The main objective of this project was to determine whether students who were enrolled in classes using the Scott Foresman-Addison Wesley Middle School Math, Course 3 ©1999 program significantly increased their mathematics knowledge and skills after using the pre-publication chapters for a full school year. An additional objective was to measure whether students using their incumbent textbook program significantly increased their mathematics knowledge and skills during the same time period. The measures that were used were the NCE (Normal Curve Equivalent) and the OPI (Objectives Performance Index) of the TerraNova™ CTBS Complete Battery Plus.

Methodology

The study was designed so that there was a study group to whom the Scott Foresman-Addison Wesley program was administered and a control group to whom the program was not administered. The control group used whatever mathematics program had previously been adopted for use in the school.

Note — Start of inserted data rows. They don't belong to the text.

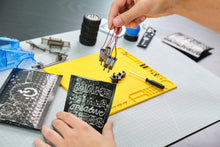 Load image into Gallery viewer, Person assembling electronic components on a workbench with tools and materials.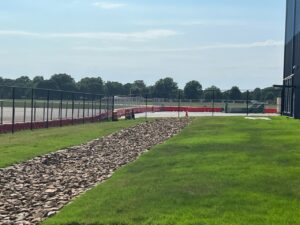 A race track with a gravel runoff area, green grass, and a fence alongside it. Trees are visible in the distance under a clear blue sky.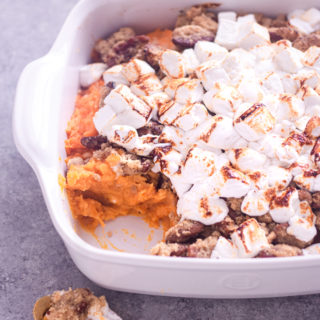 Angled view of sweet potato casserole with brown butter pecan topping and toasted mini marshmallows in a casserole dish.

Both groups were tested in September 2000, prior to the program's introduction, and then again at the end of the school year in May 2001. Therefore, for both the study group and the control group there was a pre-test score and a post-test score. Only students who completed both the pre- and post-tests were included in this analysis.

A total of ten eighth grade math classes comprising 185 students participated in the study:

Study Group
SF-AW Middle School Math Textbook Program
Control Group
Other Textbook Programs
Pre-Test (administered during 1st week of school) 5 classes
100 students
5 classes
85 students
Post-Test (administered at end of school year) 5 classes
100 students
5 classes
85 students

In all cases, one teacher taught both study and control classes. Both study and control classes were in the same school building. Study and control classes were selected to be similar in student ability levels. Of the five schools participating in this research project, three schools were in suburban settings, and two were in urban settings. These schools had a range of sizes. Study participants were from three states: Colorado, New Jersey, and Washington.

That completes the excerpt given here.